19 Agustus, 2011



Nah, bagaimana menjalankannya? Apa artinya tidak boleh cari uang? Jangan salah, Paulus menyatakan, “Jika seorang tidak mau bekerja, janganlah ia makan.”[i]

tapi ada beberapa prinsip sebagai kerangka berpikir:


a. Jangan pernah kuatir akan uang. 



Beribadahlah kepada Tuhan, maksudnya, layanilah Tuhan dengan baik, sekolahlah baik-baik, kerjalah baik-baik, pacaranlah baik-baik dengan yang seiman, hiduplah baik-baik, nanti Tuhan yang cukupkan dengan anugerah-Nya, karena Anda ternyata mendahulukan Tuhan daripada uang.



b. Uang adalah sesuatu yang Tuhan titipkan pada kita, untuk kita pertanggung jawabkan. 



Bertanggung jawablah semaksimal mungkin.
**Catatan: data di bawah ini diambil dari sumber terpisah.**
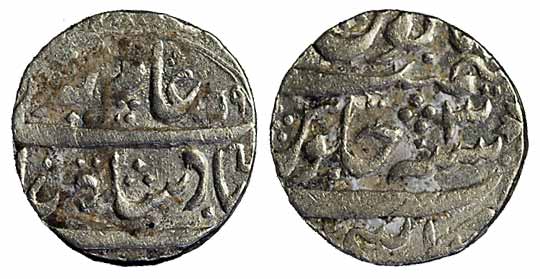 Kalpi Mint, Silver, Rupee, in the name of Alamgir II, AH 1169/3. Dumpy, cleaned, Very Fine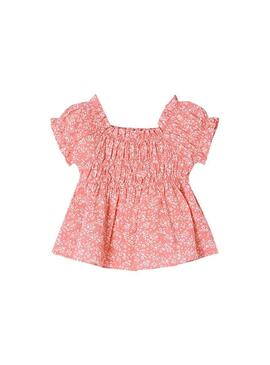 Blusa Mayoral Seersucker Stampata Rosa per Bambina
Kalau tidak bertanggungjawab atas titipan Tuhan jadi semaunya… Misalnya dapat uang 100 ribu, ”Ah, ini semua uang saya, saya mau pakai uang untuk apa saja, terserah aku! Pokoke ini uangku.” Ini namanya salah konsep.


Kalau punya sikap seperti ini, sampai kapanpun tidak akan kaya. Ga kaya karena: Uang memang habis melulu dibelanjakan dengan tidak bijaksana. Yang lebih ngeri kalau Tuhan yang adalah sumber uang, tidak percayakan lagi kepadamu uang yang lebih besar. Tuhan tahu, kalau kamu dikasih lebih besar malah akan celaka!


Orang yang bisa dipercayai dalam hal-hal kecil, bisa dipercayai juga dalam hal-hal besar. Tetapi orang yang tidak bisa dipercayai dalam hal-hal kecil, tidak akan masuk dalam perkara besar.


Waktu bekerja di kantor, memakai barang-barang milik kantor, apakah kamu bertanggung jawab memakainya? Jangankan BOSS di Surga, Bos di dunia aja kalau melihat pegawainya merusak properti kantor, jangan harap bisa naik gaji. Dipotong gaji, ya iya...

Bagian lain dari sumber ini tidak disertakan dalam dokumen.